Friday, January 1, 2010

Warhammer Online haz Blades!

If you didn't know I'm a tech geek. Have been for over 20 years and currently work for a fortune 500 company as an IT consultant. So it's with some interest that I read the Gamasutra article about Warhammer Online's Virginia server farm. Keep in mind it's an "Intel sponsored" article, which is a euphemism for "advertisement". And it is repleat with what one would expect from that sort of thing. However, the grist of what I was really interested in starts on page 2 and gives you a bit of a glipse into how those pixils come to life.
"Our Server Farm in Virginia, for example," Mann said, "has about 60 Dell Blade chassis running Warhammer Online-each hosting up to 16 servers. All in all, we have about 700 servers in operation at this location."
Problem is that Lum predicts Warhammer will have all of one "server" (meaning world cluster) as 2010 comes to a close. Unfortunately I'm inclined at agree as Mythic has been forced to shutter 3/4's of their "servers" over the past several months. Warhammer just didn't pan out like many claimed it would and from most accounts Mythic isn't doing the things they really need to be doing in order to correct the underlying issues that have lead to that exodus of players. All we really know is that Warhammer has somewhere less than 300k players currently, though I suspect they are south of 200k.

This is the part I think a lot of people really need to become more aware of when they question development decisions. Why exactly do you not want Auction Houses in Dalaran for instance. Answer: because that would certainly concentrate too many people in one small place too often.

As might be expected in a game scenario in which the levels of participation vary dramatically at different times of the day, in different regions, and with different types of activity, performance scaling is an essential component of successful server operation.

"One of our ongoing challenges," Mann commented, "is where to distribute people in the world.
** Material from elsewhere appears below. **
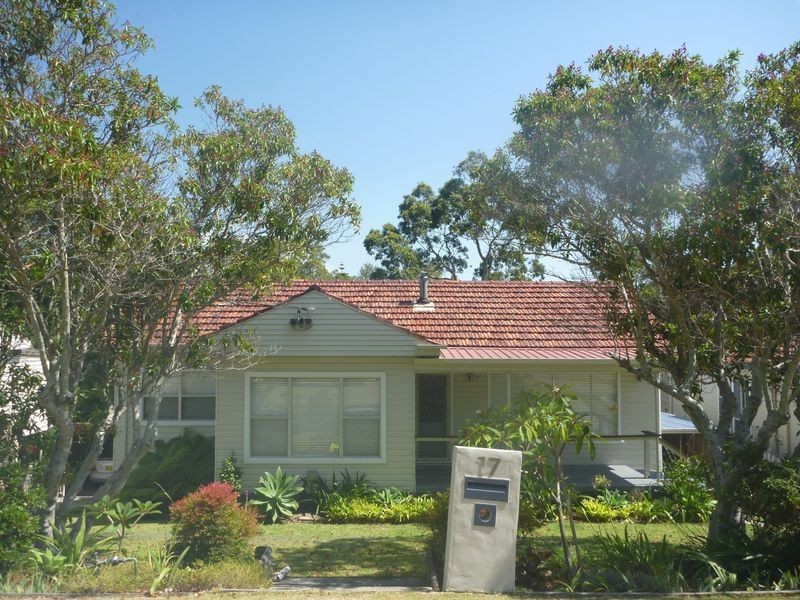 17 Hallvert Crescent, Charlestown NSW 2290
Our processes-that we distribute across the physical hardware-correspond to locations in the virtual world. One of the focuses of our game, the big focus, is to get a lot of people in one place and have them all fighting with each other. And that, unfortunately, works against us in the process distribution model."

"When you put a lot of people in one place, you're putting their entire server load onto one piece of hardware. We do have some technology to mitigate that. Our scenario system (which spawns up smaller arenas for smaller teams dynamically) allows us to split people off to different pieces of hardware if we need to, dynamically, in smaller chunks."

Using this approach, the application, instead of coping with 800 people in an area on one system, can take 400 of those people out of an area and engage them in smaller fights. Most of the parallelism for these kinds of operations, Shaw noted, is done by process, not by thread.

Most players are simply ignorant of the fact that for every pixil they push around on a screen, there has to be CPU cycles and RAM on the server side that keeps track of it. Not only must it keep track of "it" but also broadcast your location to every other player in the vicinity. And every NPC in that location as well. Along with weather elements, and anything else that must be tracked or rendered. Your client might make the pretty renders for you, but it's the server backside that is coordinating the show, so when you complain about "lag" it's usually one of two things. It's either the "server" experiencing rampant processes, induced by code errors or it's a simple matter of cpu utilization. It's amazing how tuned these clusters have to be to operate a virtual world, and when you have too much activity going on in one zone the server eventually gets to a point where it simply exceeds norms. Player meet lag, lag meet player. Now, don't QQ when you ahve to hobble back to the old world for your auctions!